Des vitrines vides, des affiches "À louer" et des portes closes : le centre-ville namurois est bien triste, quand il s’agit de commerces. Ces derniers mois, plus de cinquante petites boutiques ont dû mettre la clé sous le paillasson. Les raisons sont multiples. Deux commerçants nous en soumis un certain nombre. Mais sont-elles fondées?

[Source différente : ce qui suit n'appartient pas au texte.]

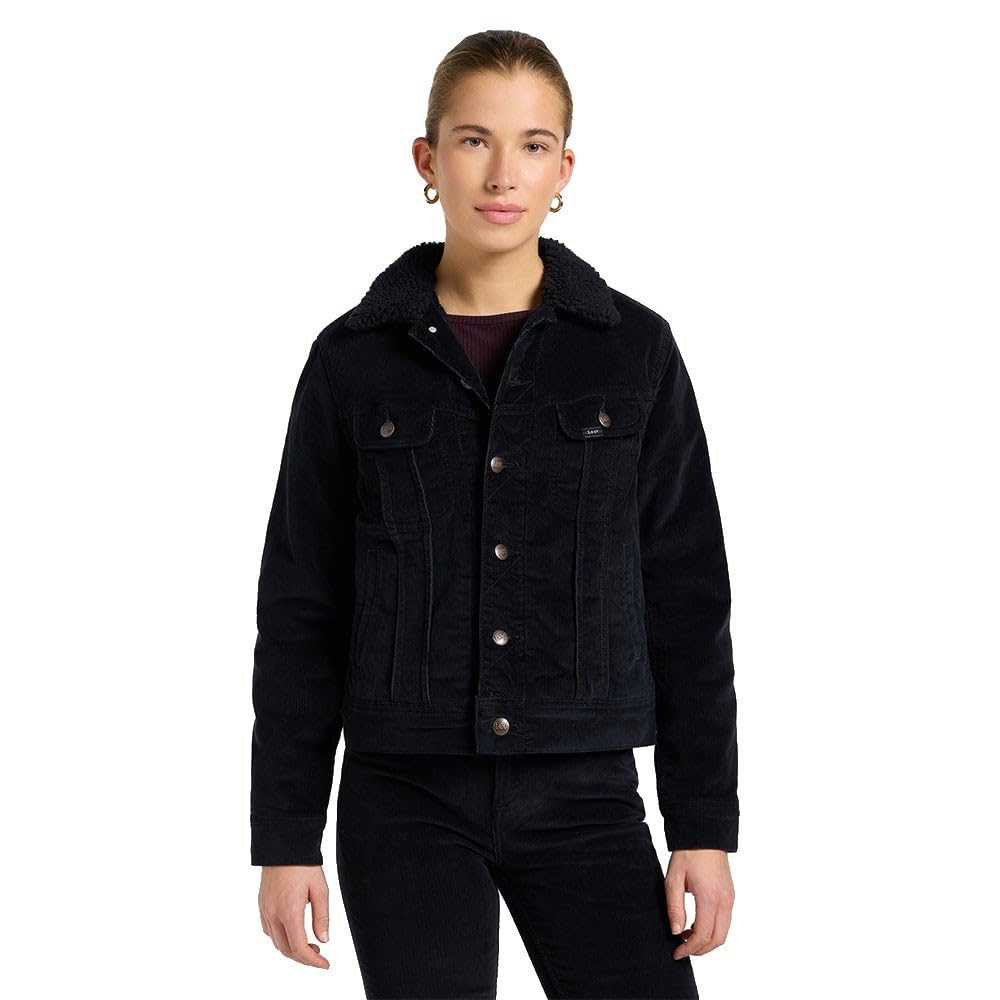 Lee Sherpa Rider Jkt veste femme Dreamy Mauve sherpa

Début septembre, RTL info exposait les difficultés rencontrées par les commerçants du centre-ville de Namur (voir le reportage "Je crains le pire": comment expliquer les 20% de commerces vides dans le centre de Namur?). Un magasin sur cinq est concerné par la faillite et près de 20% des cellules commerciales du centre-ville sont vides. "C’est une problématique qui existe depuis plusieurs années et ce n’est pas uniquement lié à Namur. La fréquentation des commerces, les flux de piétons sont en baisse. C’est aussi lié aux attentats" explique, de façon générale, l’échevin en charge du développement économique. Mais Luc Gennart sait que, si la conjoncture n’est pas extrêmement favorable, la situation namuroise présente d’autres soucis qu’un simple désintérêt du public. En trois mots ? Mobilité, loyer et marché.

"J’ai un complément d’information à vous communiquer au sujet de la situation dramatique des commerces namurois" nous a écrit Isabelle. "Je suis commerçant à Namur, il y a un secret de polichinelle dont personne n’ose parler" a précisé Loïc. Ces deux commerçants ont appuyé sur le bouton orange Alertez-nous pour apporter leurs éclaircissements sur la situation namuroise.

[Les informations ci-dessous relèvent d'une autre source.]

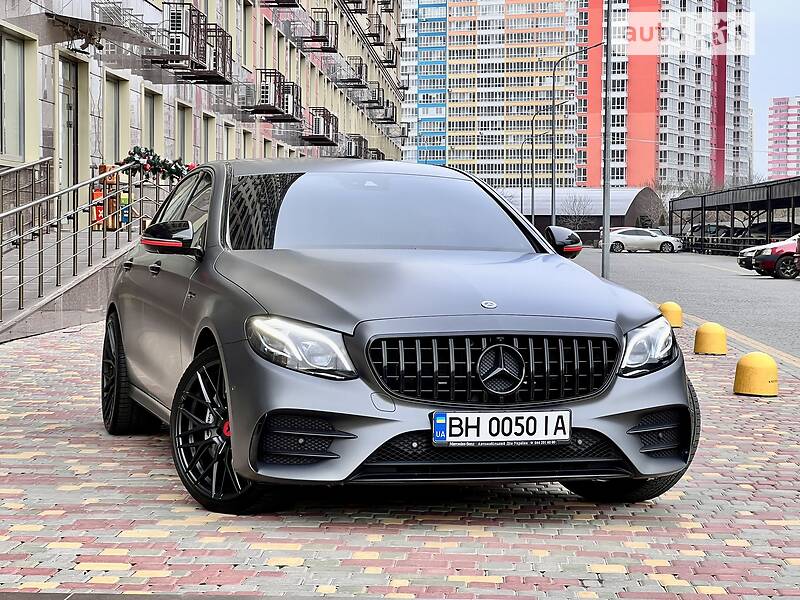 Седан Mercedes-Benz E-Class 2018 в Одессе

Loïc est le responsable d’un magasin de vêtements du centre-ville. Son épouse et ses beaux-parents sont également commerçants dans la capitale wallonne. Il distingue trois phénomènes pour expliquer cette désertion:

1. La présence du marché du samedi
2. Le prix absolument incroyable au m² des locations
3. L’immobilité totale de la ville de Namur

De son côté, Isabelle, gérante d’une boutique depuis plus de 25 ans, pense que la mobilité et le stationnement constituent le noeud du problème. Loin de tout fatalisme, elle a élaboré différentes propositions pour "redynamiser la ville".

Nous avons soumis les causes pointées par Loïc et les idées d’Isabelle à un spécialiste et au responsable politique concerné.


Marche arrière dans le plan de circulation

En août 2016, le sens de circulation dans le quartier de la gare (et donc l’accès aux principales rues commerçantes du centre-ville) avait été profondément modifié. Près d’un an plus tard, la Ville revoyait sa copie après que les commerçants –déjà– s'étaient plaints des difficultés d’accès au centre. Depuis ? "C’est un peu mieux maintenant que c’est revenu comme c’était avant" concède Loïc. "Mais un certain mal est fait. Ils ont fait une tonne de travaux, il y a eu des déviations à droite puis à gauche. Moi qui vis à Namur, je ne sais pas toujours comment faire". Un constat pas tout à fait partagé par l’échevin du développement économique. "On a rouvert l’entrée par la rue Godefroid. Cette mesure a eu un impact direct, on voit déjà qu’il y a plus de flux de véhicules" préfère préciser Luc Gennart.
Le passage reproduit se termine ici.